Global Communication

We implemented N:1 and N:M type connections as well. It get a bit confusing when you think about multiple SerialMesh devices sending data to one SerialMesh. There is no guarantee on the order of arrival or it is impossible to see where this data came from. To solve the problem we allow the SerialMesh to interpret the data. Instead of transparently printing serial data, we print the origin, the rssi, the relay count, the serial number and of course, the data itself, for each packet. 

This mode can be enabled by using virtual groups 0x0001 to 0x00FF. Configured to that group, the receiver will each serial mesh packet in readable form, all hex, e.g. "-51 0d 4123 06 32333534320d0a", this means "23542<CR><LF>" from 0x4123, twice relayed, -51dBm last signal strength.

Config and Status

The AIRcable SmartMesh send out status messages every 20 seconds and config packets every 1 minute. Those packets contain

  • product id, a unique number identifying the AIRcable SerialMesh, 0x105C

  • vendor id, the USB-IF id, ours is 0x16CA

  • epoch time, the number of seconds the device has been running since the firmware was installed.

  • battery level

  • internal temperature

This is the standard status packet for all our products. The SerialMesh does not have any more status.
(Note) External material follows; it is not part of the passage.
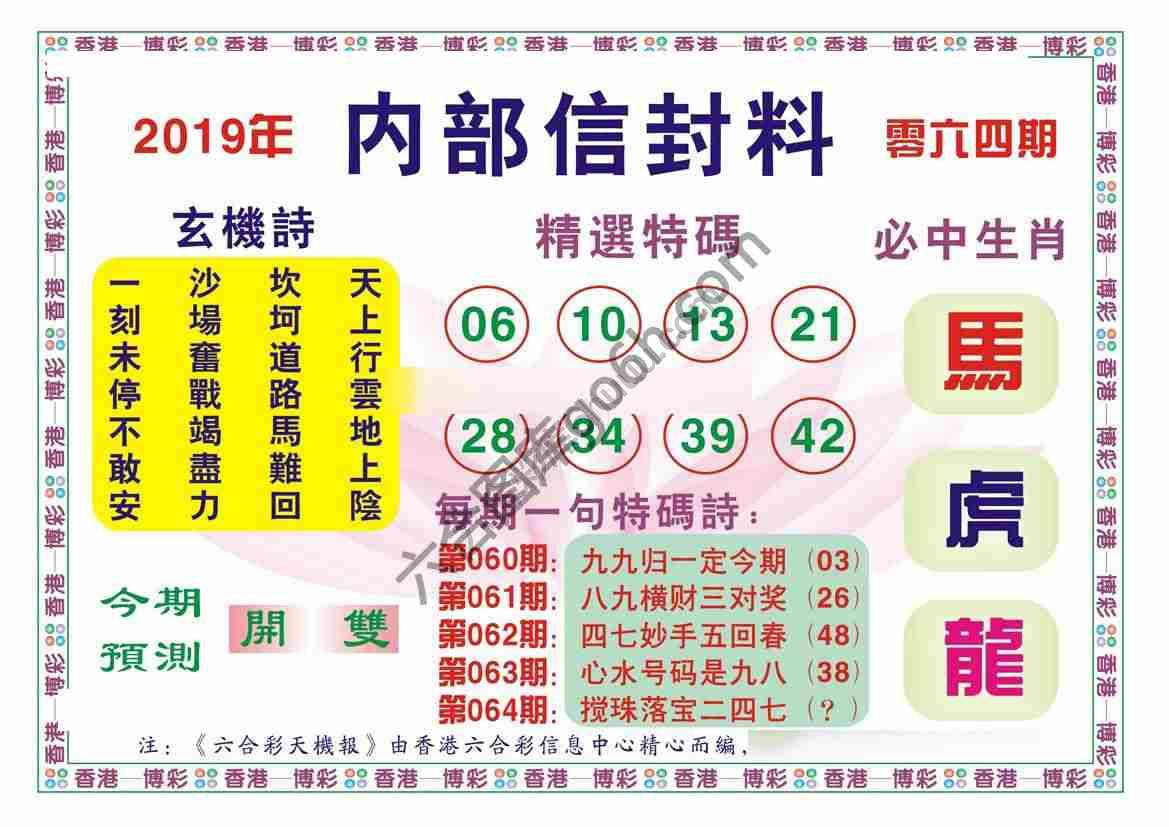 内部信封料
The config packet contains

  • name of the device (configurable 9 char length string)

  • density (number of packets to be sent per serial communication, set to 2)

  • duty cycle (set to 100% listening time)
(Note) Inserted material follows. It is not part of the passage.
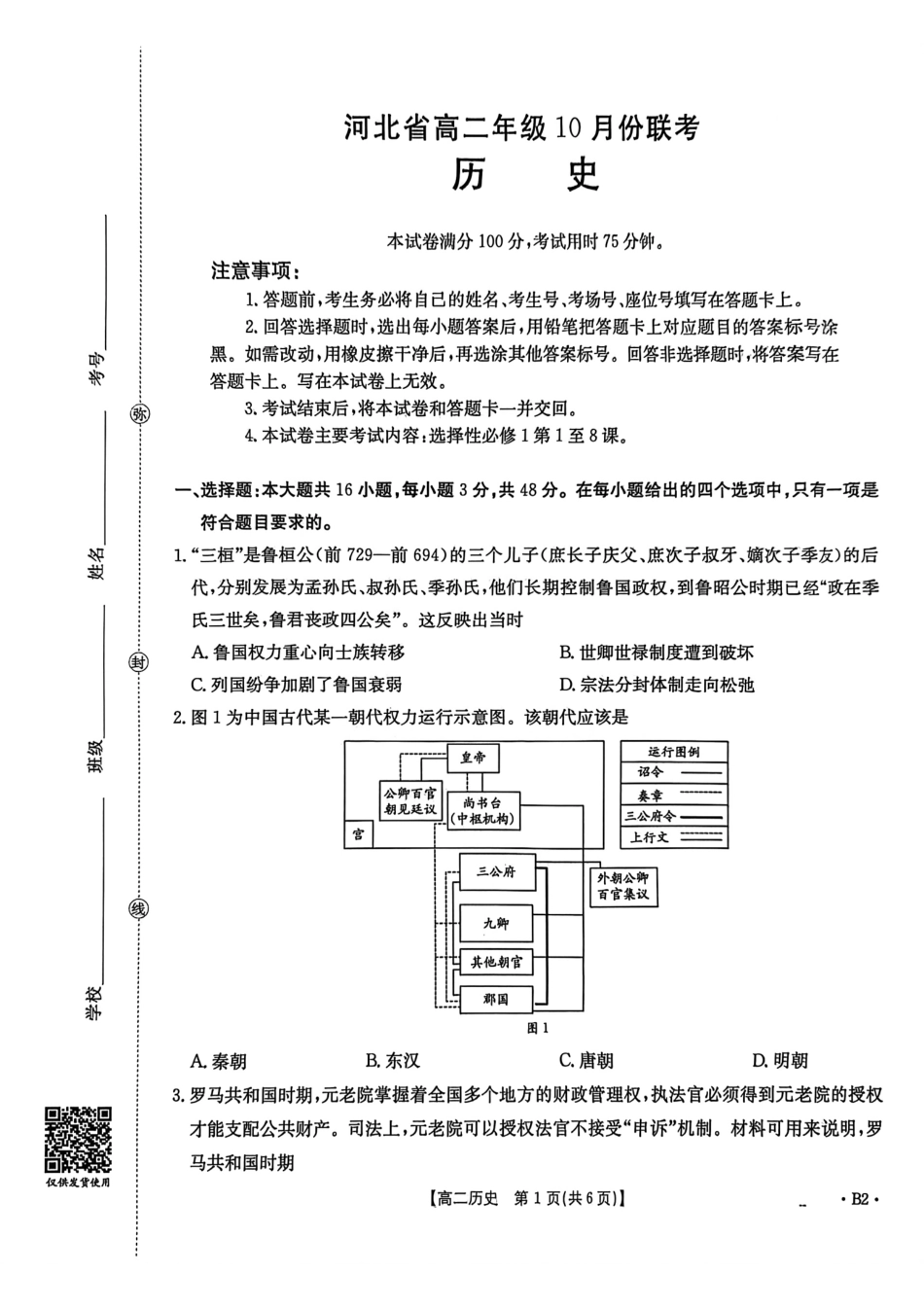 历史试卷(26-35B)(B2)【高二】河北省金太阳2027届高二年级10月份联考(26-35B)(10.15-10.16).pdf_第1页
  • behavior (this determines if the device only sends to group or to both, virtual and group)

  • groups (max 3, but the SerialMesh can only use one group)

  • baud rate (9,600-115,200 baud, with 2,400 baud special)

For details see the description of the Smart Mesh Controller application.

Hardware

The new AIRcable MiniMesh product is based on our AIRcable BLE module with the CSR1010, programmed with the smart mesh firmware. It only implements the smart mesh communication protocol, no standard BLE GATT, bridge mode or other is implemented. The SerialMesh is powered through pin 9 of the DB9, 5-25V input is allowed. The RS232 has no hardware handshake, just TX and RX, but fully RS232 voltage conform.